Sabe aquela sensação de instabilidade? Em que o mundo parece girar e se perder no meio do caminho, te fazendo ficar fora dos sentidos por um determinado tempo?

É exatamente assim que me sinto agora. De tantas pessoas no mundo, de todas as classes sociais, do improvável infortuno; a vida quis que fosse ele aquele a me ajudar? Por quê?

— Mãe...

Cristina limpa uma lágrima traiçoeira que desliza timidamente por sua face. Ela nunca me perdoará se souber a verdade. Nunca.

— Ayleen, essa família... essas pessoas. Não, apenas não. Não se aproxime deles, não troque palavras com eles. Pelo amor de Deus! — sua fala sai apressada e angustiada. O desespero e pavor preenche seu tom.

— Mãe, o que eles fizeram? O quê?

Minha mãe fica de pé e põe a mão sobre a cabeça. Nunca a vi tão agitada assim. Tão desesperada desse jeito.

— Eu preciso sair deste quarto. AGORA! — grita.

Suas lágrimas fluem livremente, a mão pálida sobe para o seu peito e repousa em seu coração. Vejo que tremem.
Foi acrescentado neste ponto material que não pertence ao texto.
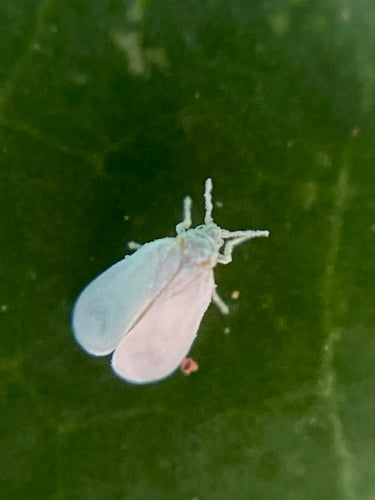 Insect op de schaal van de mot — Bild 2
Corro para o seu lado e faço a única coisa que posso: abraço seu corpo trêmulo e histérico.

Seus braços seguram minhas costas e sinto os seus ombros sacolejarem, todo o seu coração parece se derramar junto as lágrimas. Sua ferida aberta e incurável. Quando está mais calma, solto-a, mas mantenho minha mão junto à sua.
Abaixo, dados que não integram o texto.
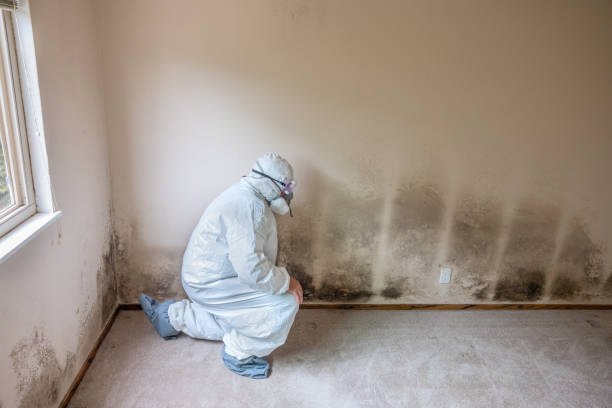 Best Mold Remediation Experts  in Clayton, OH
— Vamos dar uma volta? — pergunto, cautelosa.

Ela apenas acena e saímos do quarto. Levo-a até o jardim e encontro uma mesa na área coberta. Alguns pacientes nos cumprimentam, porém, não ousam aprofundar qualquer assunto. Fica evidente que precisamos de privacidade.

— Ayleen, o seu pai — toma uma respiração — foi, não, é o amor da minha vida. Tudo o que eu sonhei em um homem, nele eu encontrei. Você sabe, eu cresci no orfanato e nunca tive uma família. Até ele chegar.

Acaricio sua mão sobre a mesa, apenas ouvindo. É disso que precisa no momento, não de perguntas.

— Nos conhecemos no ônibus. Tão jovens, tão imprudentes. Ele foi criado pelos avós que já eram bem velhinhos. Começamos a namorar depois de alguns encontros. Eu morava com uma amiga na época e havia acabado de entrar na universidade — um sorriso terno a preenche.

— Eu queria ser nutricionista. Era o meu sonho. E o seu pai, ah, o seu pai — um olhar distante e sonhador toma conta de sua face — ficou tão feliz e disse que precisávamos comemorar. Ficamos juntos naquela noite.

Eu não canso de ouvir a história trágica deles.

— Seu pai já estava fazendo química. Era apaixonado e muito inteligente. Eu poderia passar horas ouvindo ele falar sobre um átomo, não porque gostava de química, mas sim por causa da paixão com que ele falava. Era lindo.

Cristina limpa uma lágrima sorrateira com o indicador e continua.

— Eu me sentia estranha, cansada e doente. O que poderia ser? — ela aperta minha mão.

— Ayleen chegando na sua vida — respondo com um pouco de humor.

— Exato. Eu tava grávida. 19 anos e grávida. Fiquei desesperada. Como contaria pra ele? Mas ele sorriu, Ayleen, sorriu! Não fugiu, não cogitou um aborto. Nada. Apenas sorriu e me abraçou.